------ RECORDS FOR THE EXERCISE

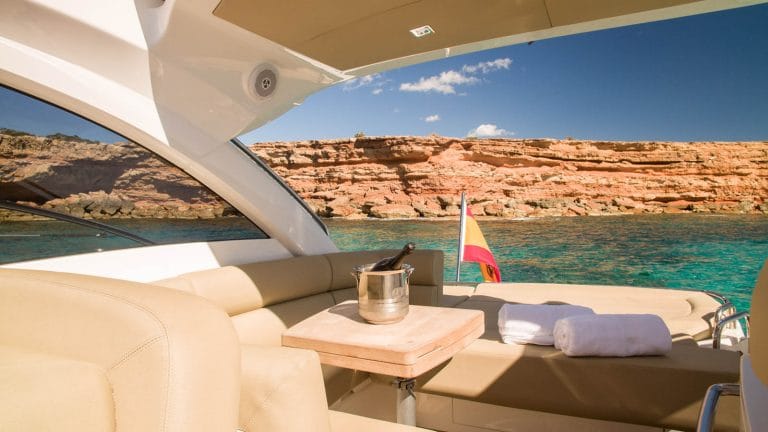 Sunseeker-Portofino-40-Payu-Yacht-Barcoibiza-5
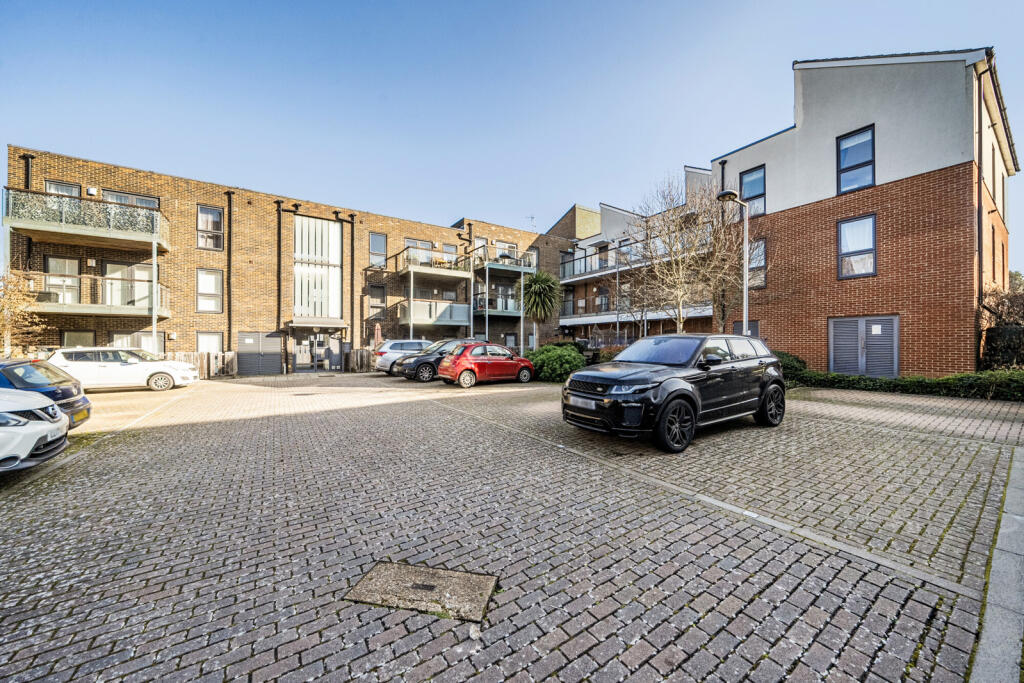 Main image of property: The Ridge, Orpington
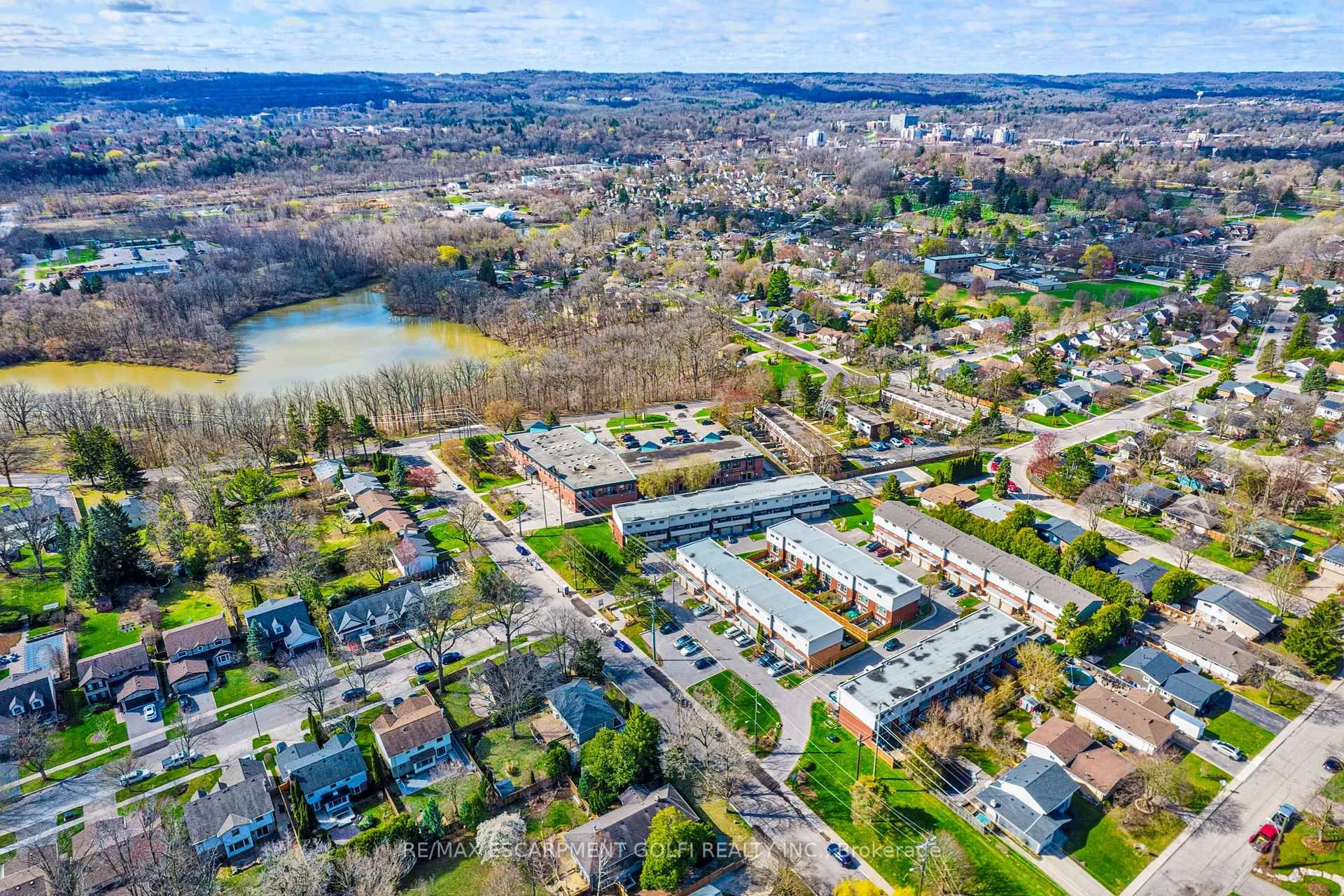 Photo 40 of Unit 2, 23 Watsons Lane, Hamilton, Cootes Paradise — HOMEH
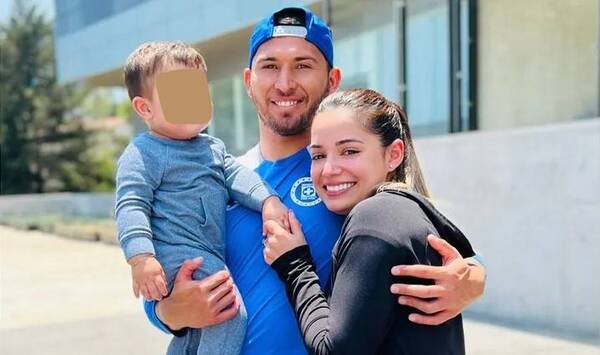 Crónica / ¡Ndaipori tesapo'e! Con esta foto pelotero mostró que está bien con su doña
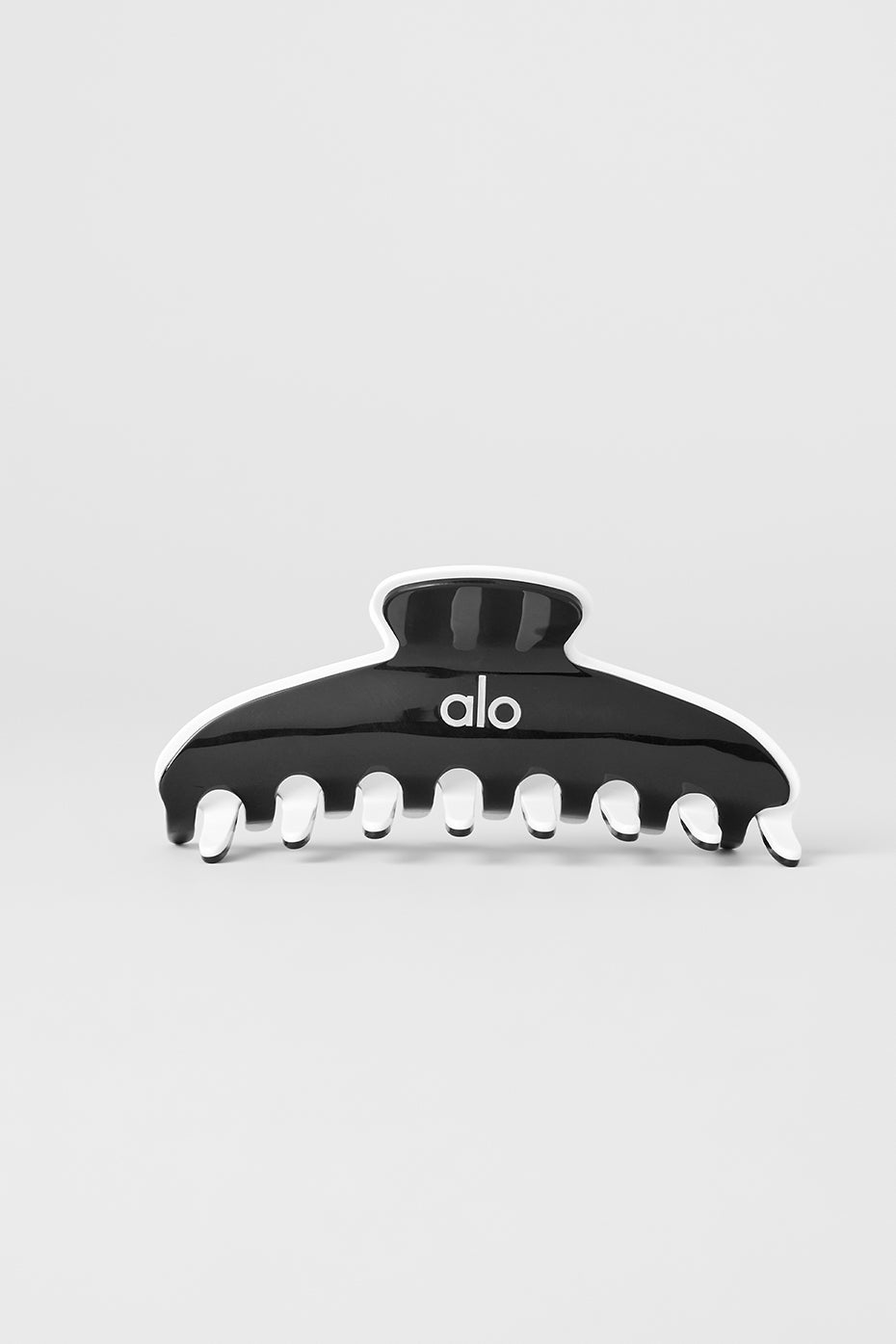 Outline Claw Clip - Black/White image 3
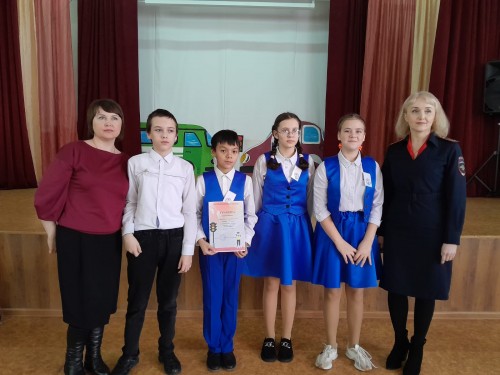 Сотрудники Госавтоинспекции Соль-Илецка и общественники побывали в качестве членов жюри на конкурсах, посвящённых ПДД Сотрудники Госавтоинспекции Соль-Илецка и общественники побывали в качестве членов жюри на конкурсах, посвящённых ПДД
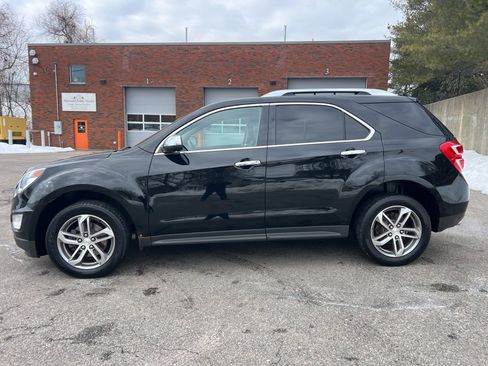 Used 2016 Chevrolet Equinox LTZ w/ Enhanced Convenience Package image 2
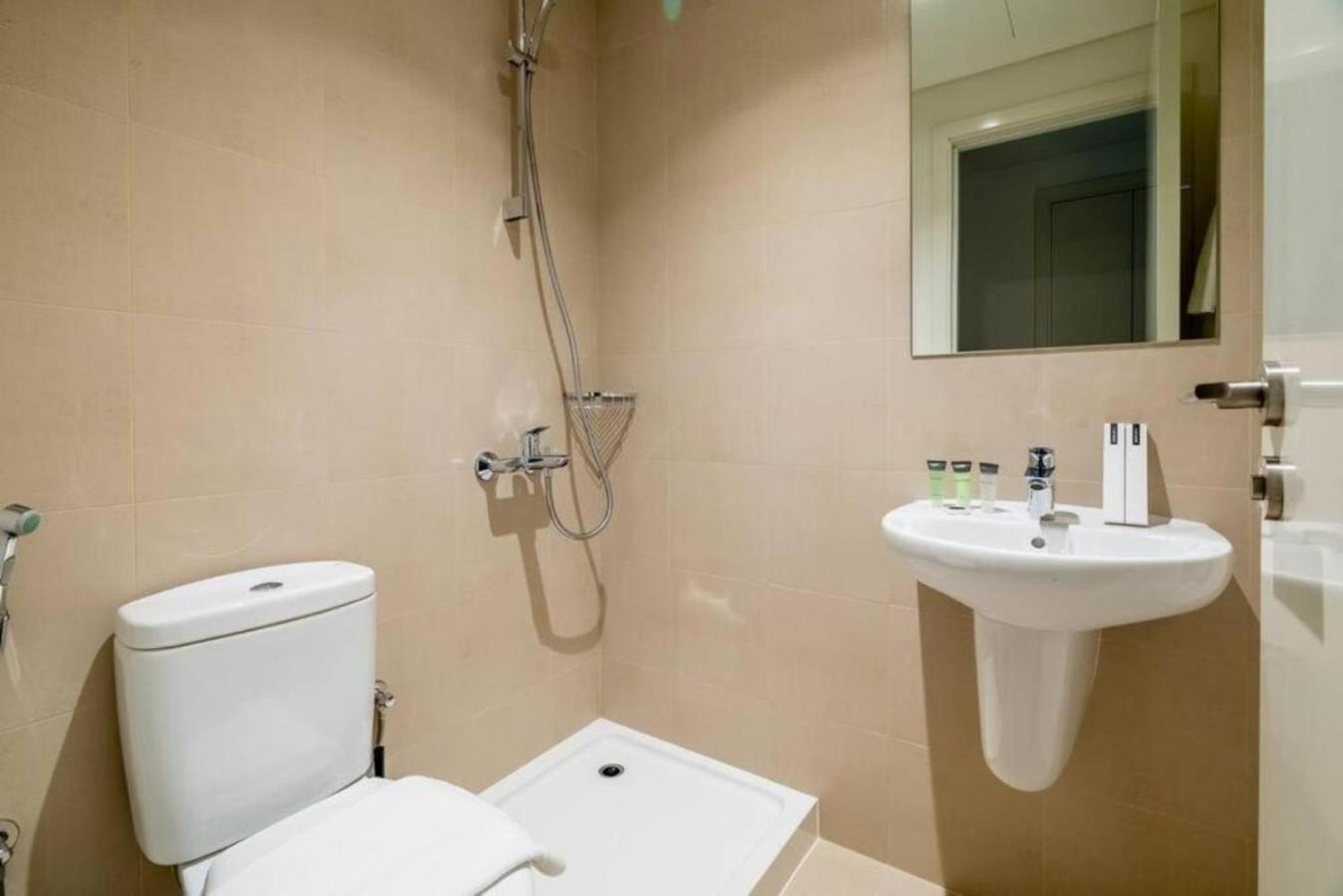 Apartment Prime Location Full Burj View In Downtown *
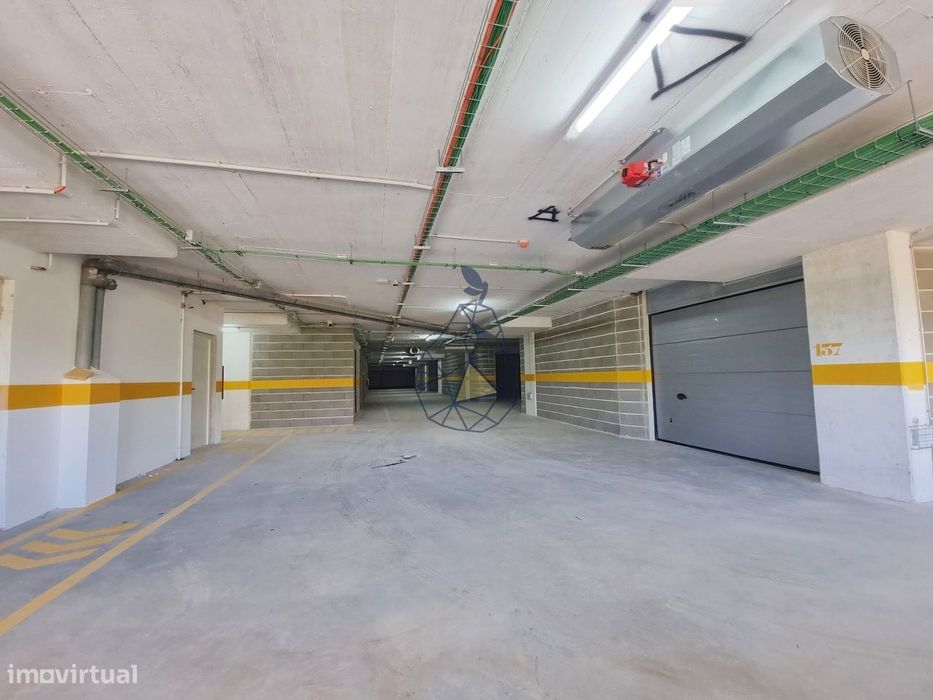 Garagens Box à Venda em Portimão — de 16 m² a 28 m², entre a estação d
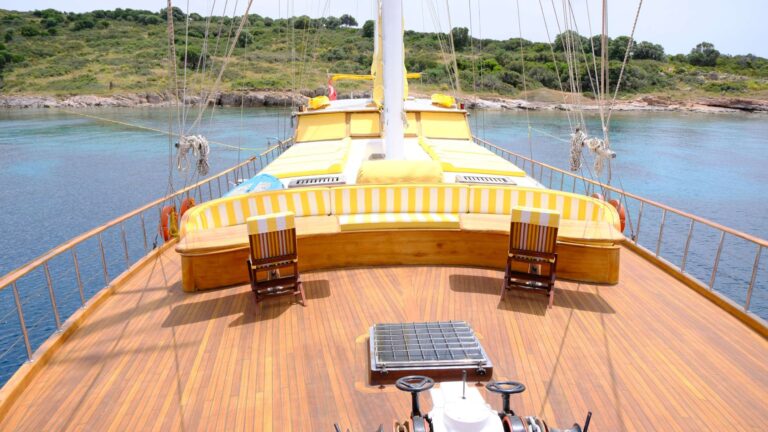 Bow seating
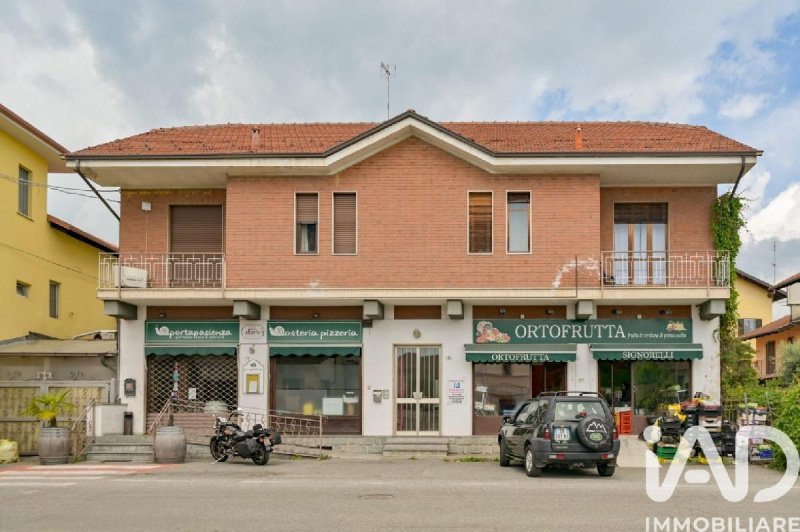 Commercial property in Villanova Canavese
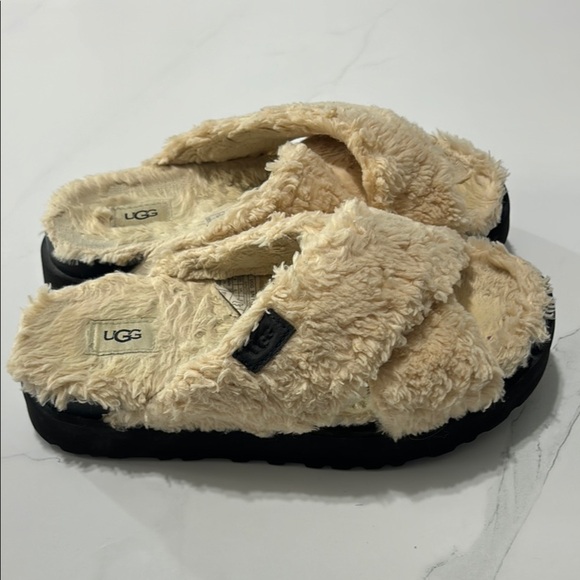 UGG Fluffy Cream Sandals - Picture 2 of 5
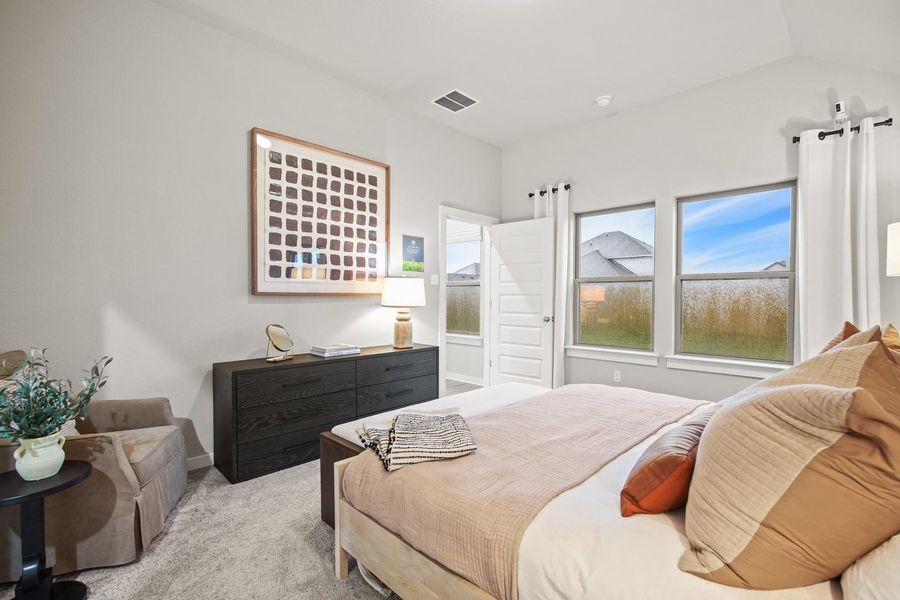 Furnished interior view inside a new home in Trinity Ranch, Elgin (Image 20).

------------

YOUR GOAL:
Omit the pictures. Repeat the rest of the data exactly.

WRITTEN ANSWER:
 Sunseeker-Portofino-40-Payu-Yacht-Barcoibiza-5
 Main image of property: The Ridge, Orpington
 Photo 40 of Unit 2, 23 Watsons Lane, Hamilton, Cootes Paradise — HOMEH
 Crónica / ¡Ndaipori tesapo'e! Con esta foto pelotero mostró que está bien con su doña
 Outline Claw Clip - Black/White image 3
 Сотрудники Госавтоинспекции Соль-Илецка и общественники побывали в качестве членов жюри на конкурсах, посвящённых ПДД Сотрудники Госавтоинспекции Соль-Илецка и общественники побывали в качестве членов жюри на конкурсах, посвящённых ПДД
 Used 2016 Chevrolet Equinox LTZ w/ Enhanced Convenience Package image 2
 Apartment Prime Location Full Burj View In Downtown *
 Garagens Box à Venda em Portimão — de 16 m² a 28 m², entre a estação d
 Bow seating
 Commercial property in Villanova Canavese
 UGG Fluffy Cream Sandals - Picture 2 of 5
 Furnished interior view inside a new home in Trinity Ranch, Elgin (Image 20).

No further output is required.